SCEdit not converge after 2w iterations on COCO dataset.

Question

SCEdit not converge after 2w iterations on COCO dataset.

serend1p1ty opened this issue 7 months ago · comments

Zhengjia Li commented 7 months ago

I have trained SCEdit [2w/5w, 40%] iterations on COCO dataset.

I observed the loss is always around 0.4. The model have not demonstrated controllable capabilities.

Is it normal?

My configuration (sd21_768_sce_ctr_canny.yaml, 2 GPUs):

max_steps=50000
batch_size=4
lr=1e-5

jiangzeyinzi · Answer 1 · Fri Apr 26 2024 10:34:04 GMT+0800 (China Standard Time)

Sorry for the inconvenience this may have caused you. The problem could be due to the learning rate being set too low, which might be affecting convergence. Our framework employs a batch learning rate to accommodate multi-GPU scenarios, which is calculated as "real_lr = yaml_lr * gpu_num * batch / 640". This can also be observed in the log entries under "pg0_lr: 0.xxx". We plan to make adjustments to ensure compatibility with this learning rate setting in the future.
For more information, please see: https://github.com/modelscope/scepter/blob/main/scepter/modules/solver/diffusion_solver.py#L136

Zhengjia Li · Answer 2 · Fri Apr 26 2024 13:05:43 GMT+0800 (China Standard Time)

@jiangzeyinzi Thanks for your reply.
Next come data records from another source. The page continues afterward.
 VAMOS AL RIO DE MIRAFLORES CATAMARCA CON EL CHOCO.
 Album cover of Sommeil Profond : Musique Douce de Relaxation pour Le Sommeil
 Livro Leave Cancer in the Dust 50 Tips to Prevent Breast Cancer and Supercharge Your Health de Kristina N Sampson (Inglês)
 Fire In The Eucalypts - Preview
Can you tell me approximately what the final loss value is.
Current value is 0.37. Is it normal?

jiangzeyinzi · Answer 3 · Fri Apr 26 2024 13:28:38 GMT+0800 (China Standard Time)

In generative tasks, loss often cannot serve as the central basis for model convergence. In our setup, the loss went from 0.16 to 0.14. Additionally, the loss also shows apparent differences with different data, base models, and condition types. From the perspective of results, under the settings in our paper (with a larger batch size), running about 3k steps generally leads to generated results that are constrained by the conditional images.
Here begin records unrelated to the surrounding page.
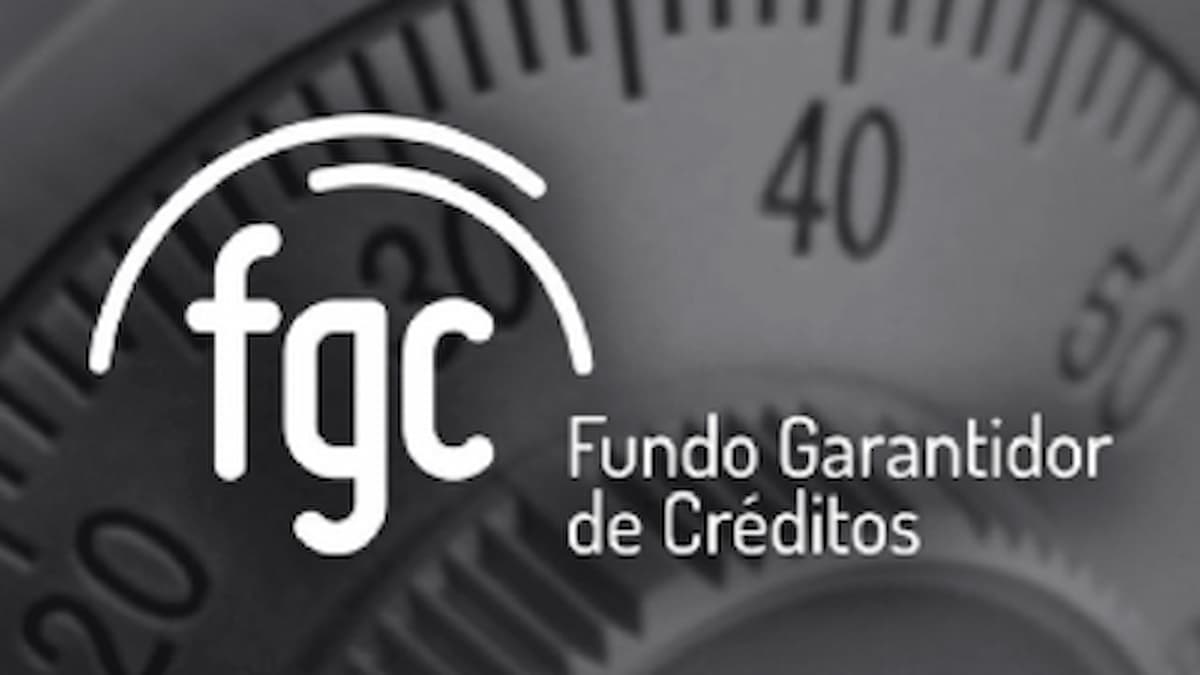 O que é FGC? Tudo que você precisa saber sobre o Fundo Garantidor de Crédito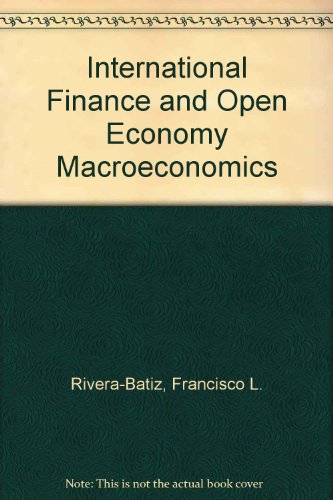 International Finance and Open Economy Macroeconomics  1985 9780024016201 Front Cover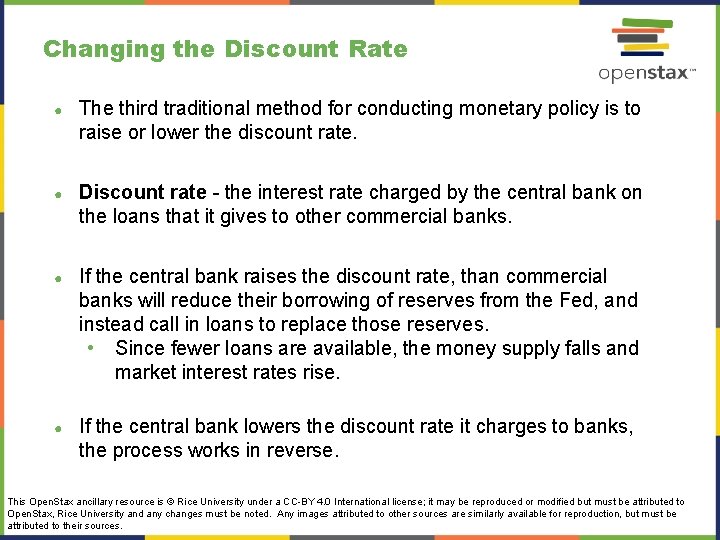 Changing the Discount Rate ● The third traditional method for conducting monetary policy is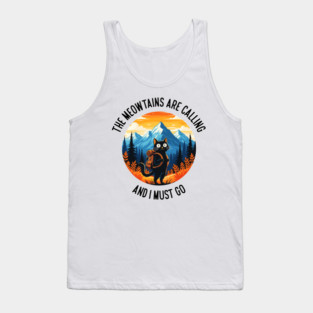the meowtains are calling and i must go Tank Top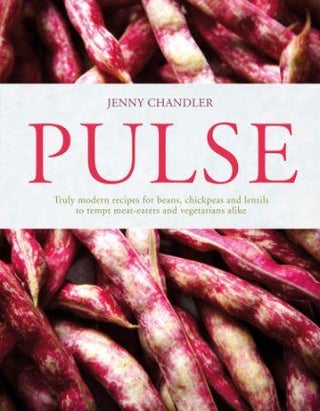 Item #9781862059863 Pulse: truly modern recipes for. Jennifer Chandler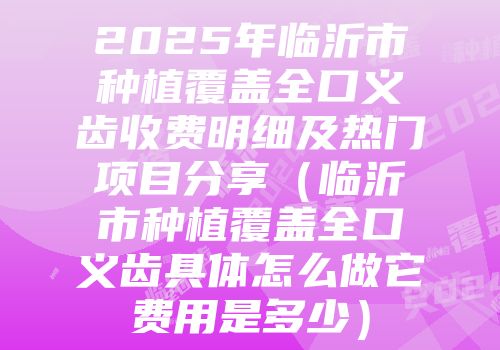 2025年临沂市种植覆盖全口义齿收费明细及热门项目分享（临沂市种植覆盖全口义齿具体怎么做它费用是多少）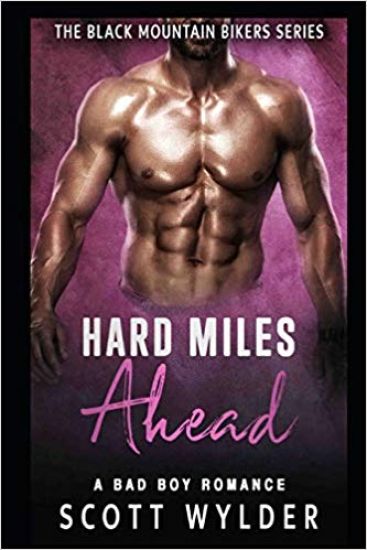 Hard Miles Ahead: A Bad Boy Romance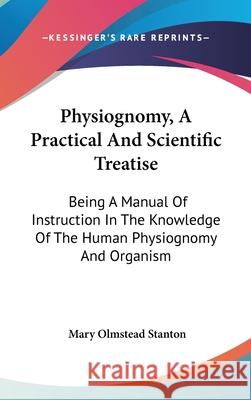 Physiognomy, A Practical And Scientific Treatise: Being A Manual Of Instruction In The Knowledge Of The Human Physiognomy And Organism Stanton, Mary Olmstead 9780548223949 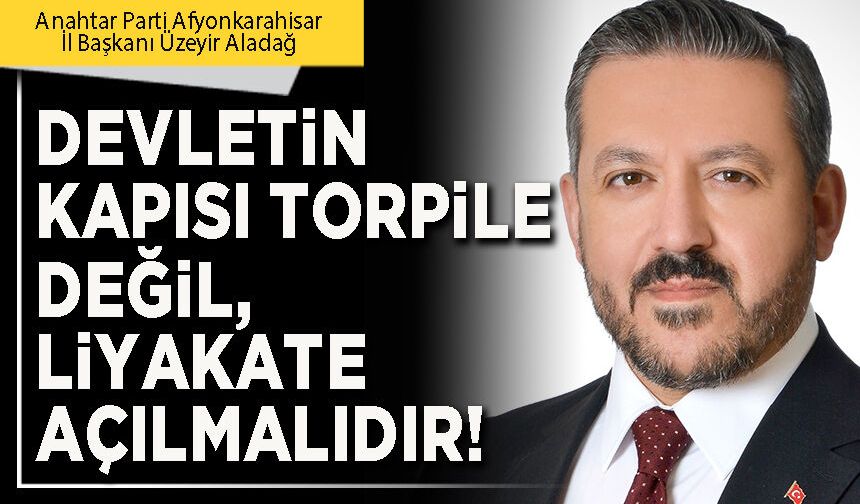 Devletin kapısı torpile değil, liyakate açılmalıdır!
Zhengjia Li · Answer 4 · Fri Apr 26 2024 14:00:29 GMT+0800 (China Standard Time)

Understood, I'll train a little more and see the results.

Zhengjia Li · Answer 5 · Mon May 06 2024 17:44:01 GMT+0800 (China Standard Time)

@jiangzeyinzi
After training 5w steps, the model seems converge.
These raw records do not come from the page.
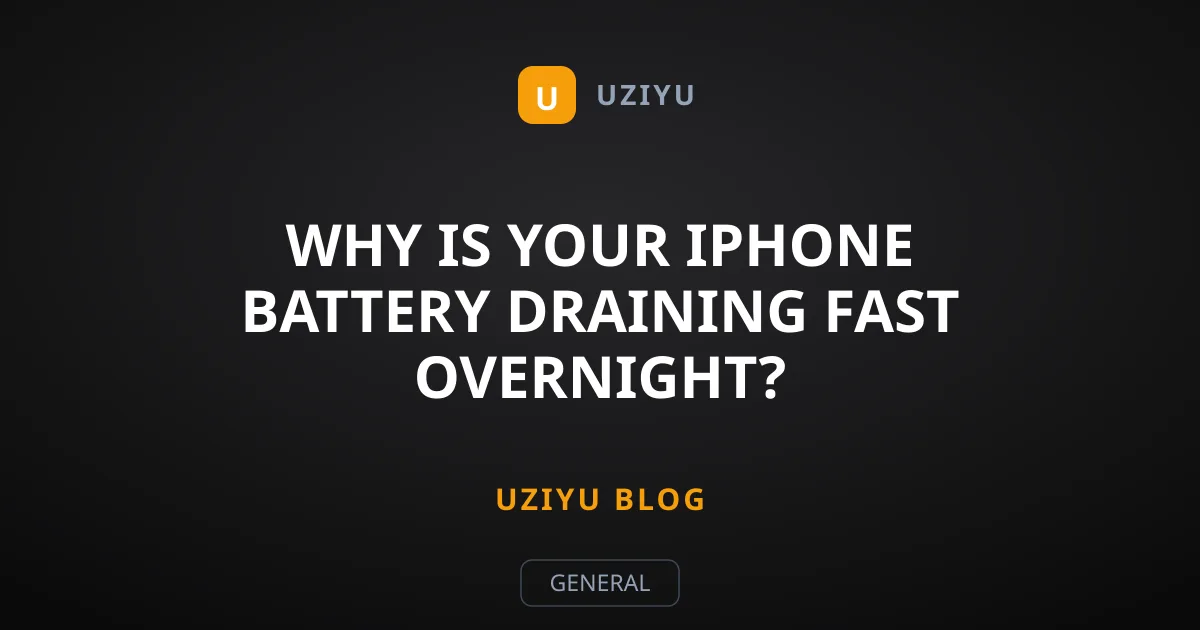 Why Is Your iPhone Battery Draining Fast Overnight?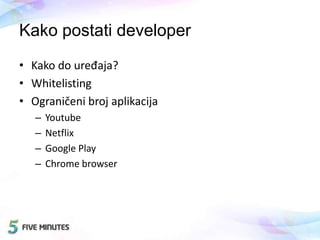 Kako postati developer
• Kako do uređaja?
• Whitelisting
• Ograničeni broj aplikacija
– Youtube
– Netflix
– Google Play
– Chrome browser
 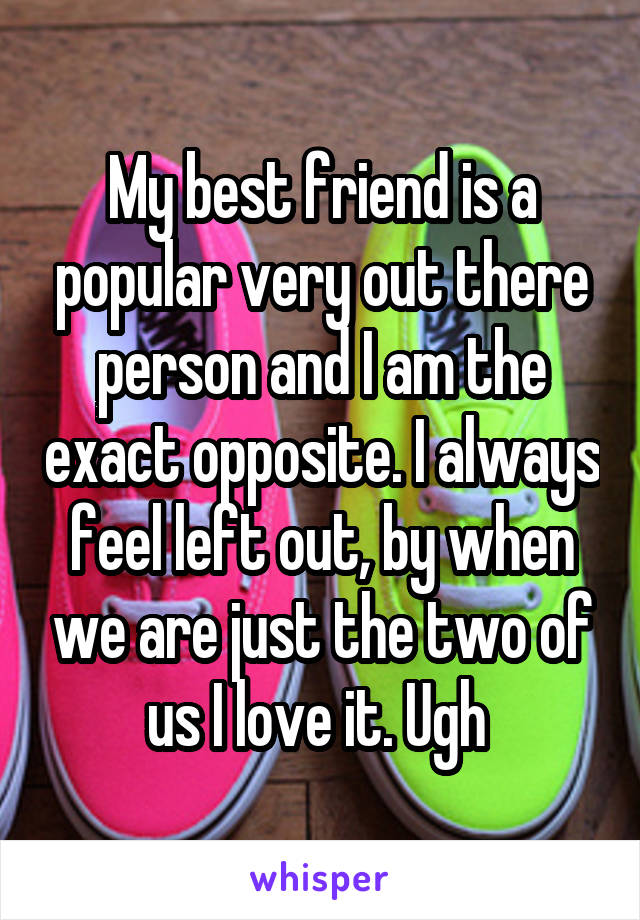 My best friend is a popular very out there person and I am the exact opposite. I always feel left out, by when we are just the two of us I love it. Ugh 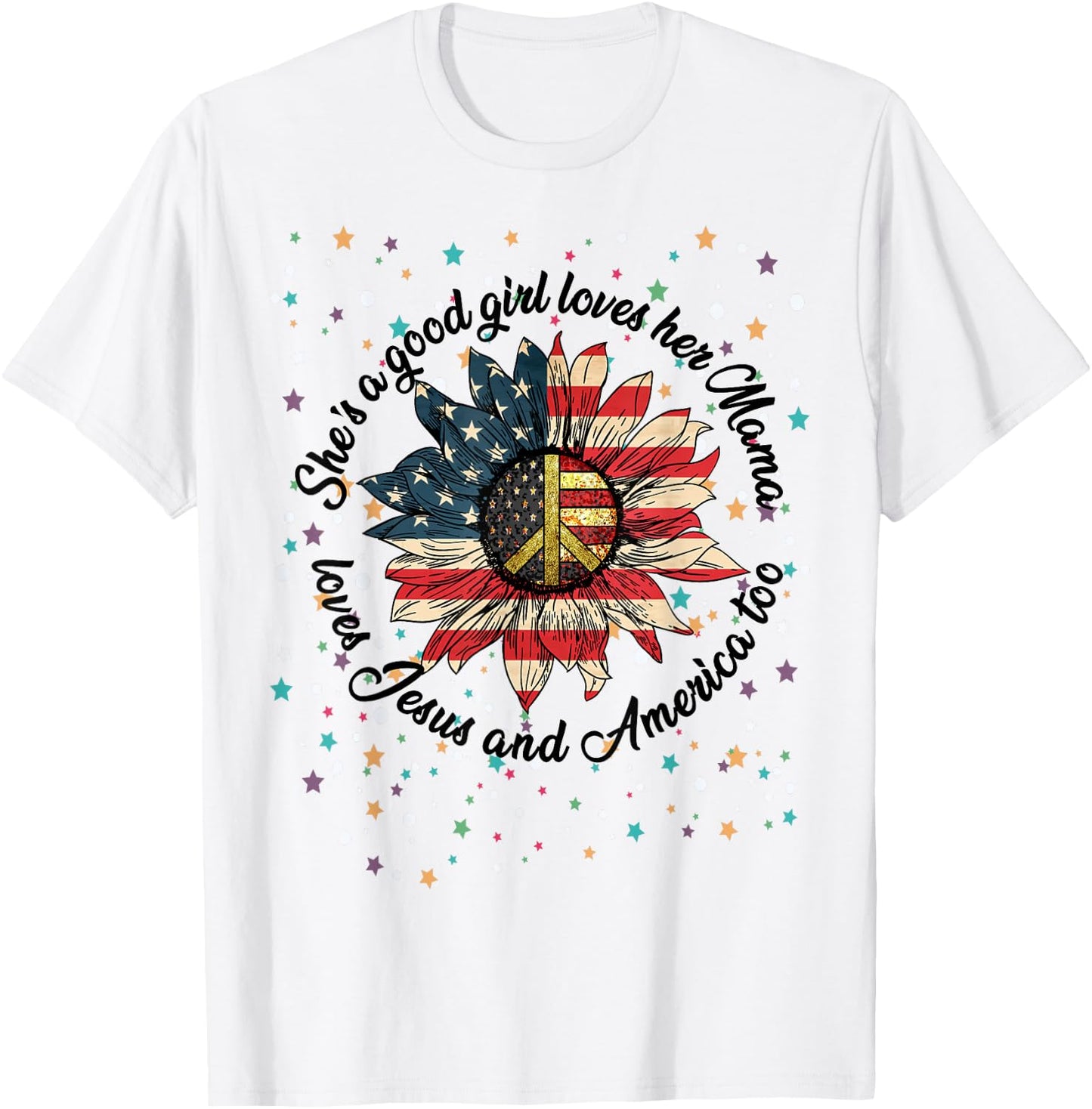 She's A Good Girl Loves Her Mama Jesus & America Too Shirt T-Shirt - T-Shirt | White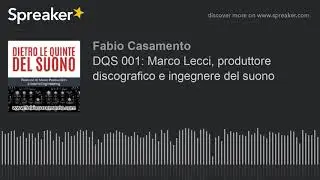 DQS 001: Marco Lecci, produttore discografico e ingegnere del suono (part 2 di 3)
For humans, generation seems to be not very stable.
I am a beginner in the field of text-to-image generation. Does the current result meet expectations?

Next, I plan to train SCEdit on the larger LAION dataset. Your paper mentions that you used a fixed learning rate 5e-5.
In order to reproduce the results in the paper, should I set the learning rate to 0.000125 if batch_size is 256? Because 0.000125*256/640=5e-5.

Looking forward to your reply.

jiangzeyinzi · Answer 6 · Mon May 06 2024 18:56:04 GMT+0800 (China Standard Time)

I believe it meets the expectations, as the COCO dataset contains a large number of images with multiple subjects and small faces, which are significant challenges in generation tasks. Training with premium data is a good approach. Additionally, a reasonable learning rate in experiments will not cause a particularly large effect deviation. It is recommended to set it at 5e-5 without having to follow the batch learning rate setting. I hope you achieve good results.

Zhengjia Li · Answer 7 · Mon May 06 2024 22:09:08 GMT+0800 (China Standard Time)

Thanks for you reply.